Genuine failure is where you want to get X across, are not in denial about whether you really want to get X across, have expressed X as clearly as you can without thought Y hijacking the words subconsciously, and have taken into account as much as you can about the other person's likely mental model about X (example, adult talking to a child taking care to talk at child's level).

If you still fail in such a case the fault can be partitioned across 3 things.

  1. You not taking the other's mental models into account properly (usually when this happens people are not 3-5% off, they are wildly off -- assumed-frame errors basically).
  2. The other simply lacking mental models capable of absorbing X (example, trying to explain differentiation/integration to somebody who hasn't yet dealt with limit-point concepts)
  3. A third "mystery" category -- something to do with the content of X that neither of you understands and therefore cannot accommodate. This requires new knowledge to fix.

A trivial example is the juvenile joke about a guy named Hu:

You: "Who's up next at bat?"
Friend: "That's right"
You: "Huh?"
Friend: "Hu."
You: "What?"
Friend: "Hu's up at bat"
You: "That's what I said"
.... and so on.

Until one of them makes the fundamental leap (the new insight that Hu and Who sound the same, and the relevance of that fact to the conversation) there will be no progress.

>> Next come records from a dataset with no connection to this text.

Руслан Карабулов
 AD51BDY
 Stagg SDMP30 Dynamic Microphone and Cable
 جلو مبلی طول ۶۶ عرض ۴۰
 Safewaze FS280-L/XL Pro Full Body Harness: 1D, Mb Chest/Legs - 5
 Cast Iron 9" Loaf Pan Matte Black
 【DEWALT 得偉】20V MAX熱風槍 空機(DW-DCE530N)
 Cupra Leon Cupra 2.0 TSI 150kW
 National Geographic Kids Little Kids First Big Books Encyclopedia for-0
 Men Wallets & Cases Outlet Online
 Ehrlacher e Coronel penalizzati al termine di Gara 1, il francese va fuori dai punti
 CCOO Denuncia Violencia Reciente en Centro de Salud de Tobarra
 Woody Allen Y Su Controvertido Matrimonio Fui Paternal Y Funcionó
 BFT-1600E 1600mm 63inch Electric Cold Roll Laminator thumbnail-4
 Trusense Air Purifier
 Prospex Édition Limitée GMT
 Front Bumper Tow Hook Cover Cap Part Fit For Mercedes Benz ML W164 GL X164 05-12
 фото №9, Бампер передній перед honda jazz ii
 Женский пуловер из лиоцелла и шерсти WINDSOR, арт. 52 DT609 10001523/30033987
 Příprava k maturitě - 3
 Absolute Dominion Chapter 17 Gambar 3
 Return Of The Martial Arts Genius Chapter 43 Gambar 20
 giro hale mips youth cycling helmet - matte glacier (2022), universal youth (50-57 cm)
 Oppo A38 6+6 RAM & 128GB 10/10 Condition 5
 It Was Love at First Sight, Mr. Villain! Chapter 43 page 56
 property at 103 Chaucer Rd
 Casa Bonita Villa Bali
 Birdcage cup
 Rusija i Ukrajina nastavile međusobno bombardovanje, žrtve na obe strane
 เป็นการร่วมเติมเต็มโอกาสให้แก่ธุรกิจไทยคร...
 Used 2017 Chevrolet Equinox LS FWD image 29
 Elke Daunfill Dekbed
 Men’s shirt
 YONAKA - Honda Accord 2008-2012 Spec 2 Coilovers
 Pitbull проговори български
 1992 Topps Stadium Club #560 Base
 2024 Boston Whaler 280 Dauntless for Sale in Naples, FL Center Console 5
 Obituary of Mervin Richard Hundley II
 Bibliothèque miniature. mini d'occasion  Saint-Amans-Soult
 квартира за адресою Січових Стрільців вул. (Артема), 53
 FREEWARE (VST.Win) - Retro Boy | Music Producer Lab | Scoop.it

You can actually generalize this. In complex negotiations, there is a better chance of a positive outcome if both sides walk in with the expectation that new knowledge will be created, instead of the expectation that knowledge will merely be traded in a poker game. Axelrod studied this in SALT II treaty negotiation transcripts in 1979 or something. I don't know if more work has been done on this.

In other words, this is the failure case, "what are we BOTH missing here?" It is sometimes useful to ask that question explicitly when you get deeply stuck. Or even to assume it: "I can't put my finger on it, but I think we're missing some critical piece here, let's table this and think about it for a while."